Draw poker is not a game declared illegal by section 330 of the Penal Code. That draw poker may, nevertheless, be a gambling game or game of chance is not a concern in the case before us. Neither the promissory note executed by defendant, nor the transaction in which plaintiff surrendered poker chips to defendant for his promise to pay, was for the express purpose of enabling either of the parties to participate in any game of chance. The poker chips were to be used by defendant in his business operations. The defendant was a nonparticipant in the draw poker game. On this record the participants in the game were plaintiff and others not parties to this action. Unlike our case of Lane & Pyron, Inc. v.

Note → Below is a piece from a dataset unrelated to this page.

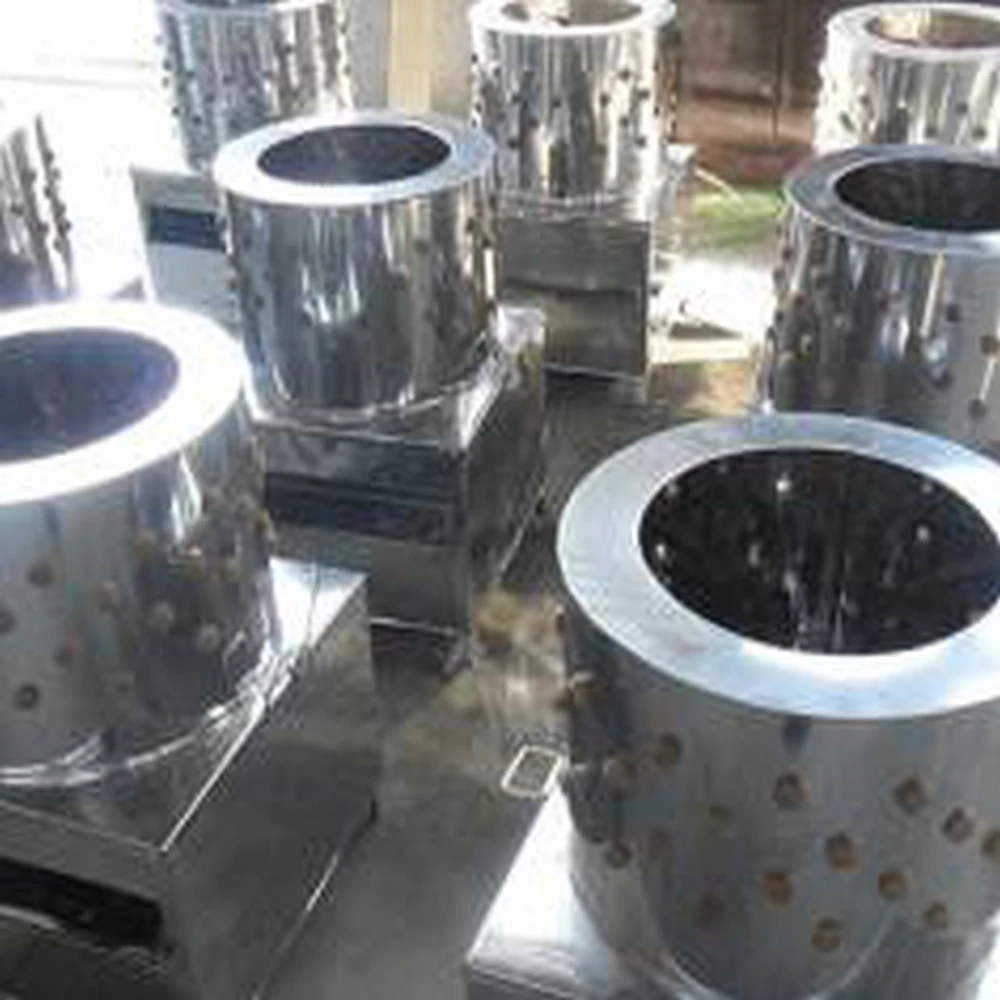 
Poultry Processing Machinery In Slaughtering Equipment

Gibbs (1968) 266 A.C.A. 53, 71 Cal.Rptr. 817, there is no evidence here that defendant himself actively participated in the game or that plaintiff is seeking recovery of cash advanced for gambling purposes. Moreover, there is nothing in the findings to indicate that the money due and owing plaintiff was a gambling debt as between plaintiff and defendant. Rather, this case presents the usual situation wherein plaintiff was in possession of chips which in the ordinary course of licensed card-room play are redeemable for cash.

Since the trial was held in 1966, certain presumptions are applicable. (Cf. Lane & Pyron, Inc. v. Gibbs, supra, 266 A.C.A. 53, 71 Cal.Rptr. 817.) Thus, plaintiff was entitled to rely upon the presumption that the entire transaction was legal and that it was not contrary to public policy. (Hamilton v. Abadjian (1947) 30 Cal.2d 49, 52, 179 P.2d 804.) The burden of proof of unlawful purpose was upon defendant who asserted the illegality. (Id. at p. 53, 179 P.2d 804.) ‘These presumptions, although disputable, were evidence in the case, adequate to support the findings even in the face of contrary evidence.’ (Lane v. Pyron, Inc. v. Gibbs, supra, 266 A.C.A. at p. 58, 71 Cal.Rptr. at p. 819, citing Smellie v. Southern Pac. Co., 212 Cal. 540, 299 P. 529.)

As between plaintiff and defendant the transactions do not constitute gaming debts founded upon gambling considerations. Plaintiff having acquired the poker chips in defendant's licensed establishment in the manner herein related, neither the law nor public policy impels denial of relief to plaintiff.

Defendant contends that in pleading his third cause of actton, plaintiff admits participation by defendant in a draw poker game, and that the game took place on a credit basis, and thus the court's findings are contrary to the admissions in plaintiff's complaint.

Plaintiff pleaded the same cause both as a common count and specifically (i.e., misrepresentation). Although this practice is subject to demurrer if the specific count is defective, alternative pleading is proper. (2 Witkin, Cal. Procedure, Pleading, s 273, p. 1248.) The trial court chose to ignore this special cause of action after hearing the evidence, and proceeded to give judgment on the common counts. The evidence is conclusively presumed to support the findings. From the record as it is presented here on the judgment roll, the complaint states a cause of action, the findings are within the issues, and the judgment is supported by such findings.

The judgment is affirmed.

REGAN, Associate Justice.

FRIEDMAN, Acting P.J., and JANES, J., concur.